Jan 1, 2019, 1:04 PM
News ID: 27733
Fitch: Bank Reform Bills Carry Clout

EghtesadOnline: Fitch Ratings, the international ratings agency, has said in a report that Iran's banking supervisory authority will benefit from two bills sent by President Hassan Rouhani to parliament to push banking reforms.

In its Banking & Financial Services Report for Q4 2018, Fitch referred to the positive impact of the bills but added that underlying problems are likely to exert pressure on the sector. 

"In August 2017, President Hassan Rouhani sent a banking reform bill and a central bank bill to parliament for approval.

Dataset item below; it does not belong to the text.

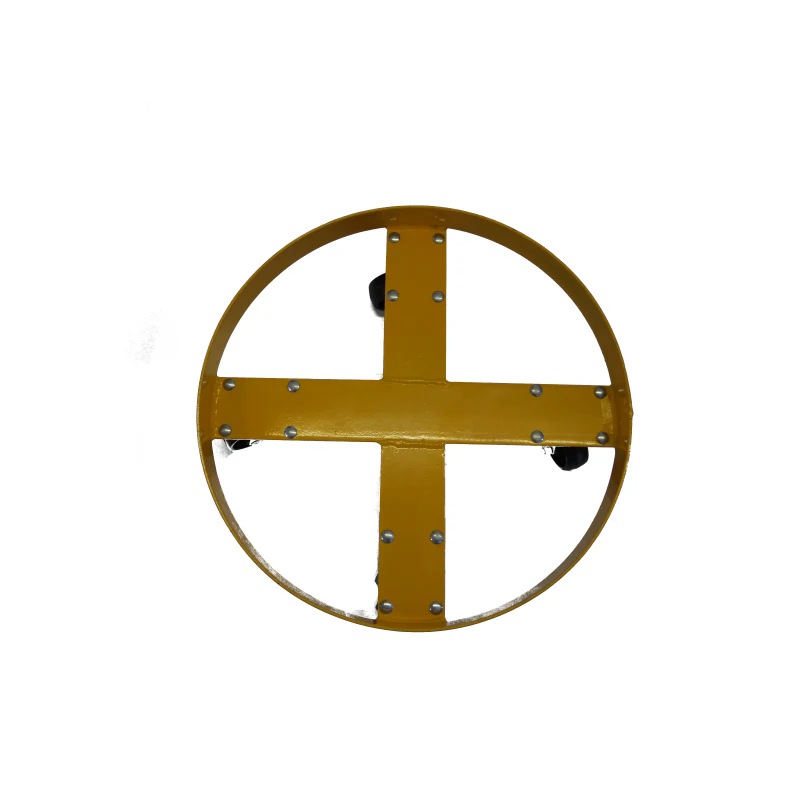 Drum Dollies - Image 2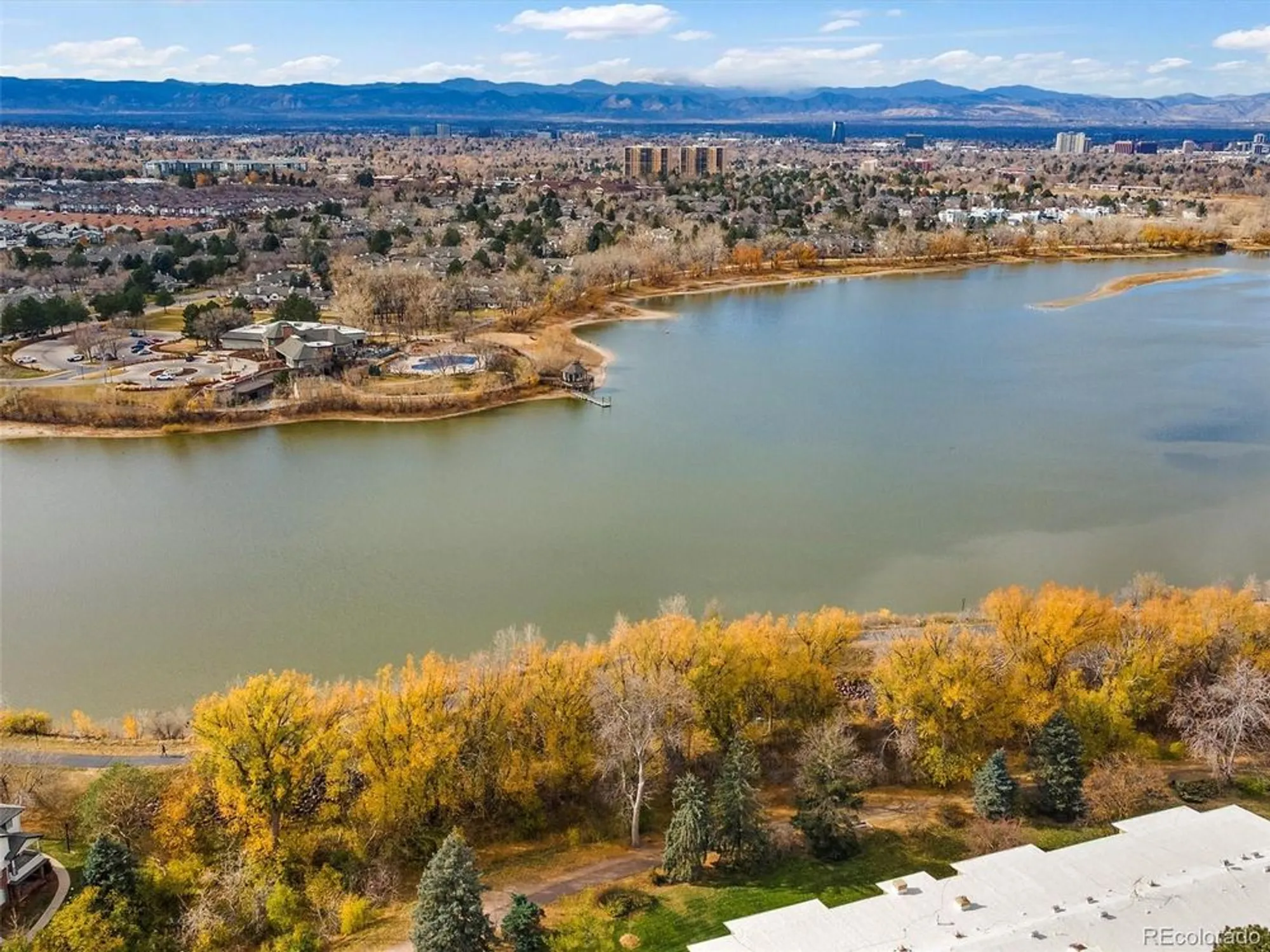 Property Slideshow image 23 of 37 | 605 s alton way 2b, Denver, CO, 80247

Once approved, the bills will pave the way for much-needed reforms to the structure and regulation of the financial sector," the Fitch report said. 

Majlis Speaker Ali Larijani said earlier this month that the bills have been reviewed in the relevant commissions and are awaiting a final vote in the chamber. However the preoccupation of lawmakers with next year’s budget will probably hinder a vote on the bills for some time, Financial Tribune reported.

According to Fitch, the Central Bank of Iran also made International Financial Reporting Standards (IFRS) mandatory in July. The Iranian banking sector suffers from poor regulatory oversight that will continue to limit investment over the medium term. 

The Financial Action Task Force (FATF) has suspended countermeasures against Iran, but it announced in October that Iran had until February to complete its reform, requiring a strengthening of anti-money laundering and counter-terrorist financing measures (AML/CTF). 

The principal banking regulator is the CBI and was established in 1960. As stated in the Monetary and Banking Act of that year, it is responsible for deciding and implementing monetary and credit policies with due regard to the general economic policy of the country (in the context of the five-year economic development plans and annual budgets). 

The CBI's four main objectives are: maintaining the value of the rial; maintaining the balance of payments; facilitating trade-related transactions; and improving the national growth potential. 

The Money and Credit Council is the highest decision-making body of the CBI, made up of representatives from the CBI, the finance ministry and lawmakers. 

 

 

Bad Balance Sheets  

 

Iran's banking sector will remain fragile over the quarters ahead, as the re-imposition of US sanctions hampers recapitalization and restructuring efforts, Fitch said in its report. 

Banks' persistent inability to repair bad balance sheets means their ability to extend credit will remain heavily constrained. Meanwhile, although risks of an outright collapse of the sector appear contained, a large-scale consolidation will at some point be necessary to improve Iran’s long-term financial (and thus macroeconomic) stability.

The new US sanctions is clouding the already gloomy outlook for banks. As sanctions hit hydrocarbon exports and foreign investment inflows, state revenues will reduce - in turn restricting the government's ability to inject capital into the financial system. 

Iranian banks, most of which are state-owned or state-linked, have exceptionally high levels of bad debt, with non-performing loans (NPLs) estimated at 13.0% of total loans in 2017, according to the Institute of International Finance.

In addition, capital adequacy is very low, standing at just under 6.0% in that same year, compared with the Basel III stipulated 8.0% (plus a 2.5% cushion). These vulnerabilities are primarily the result of challenging economic conditions in the years leading up to nuclear sanctions relief in 2016, as well as extensive government interference with lending practices and weak regulatory enforcement when Mahmoud  Ahmadinejad was president (2005-2013).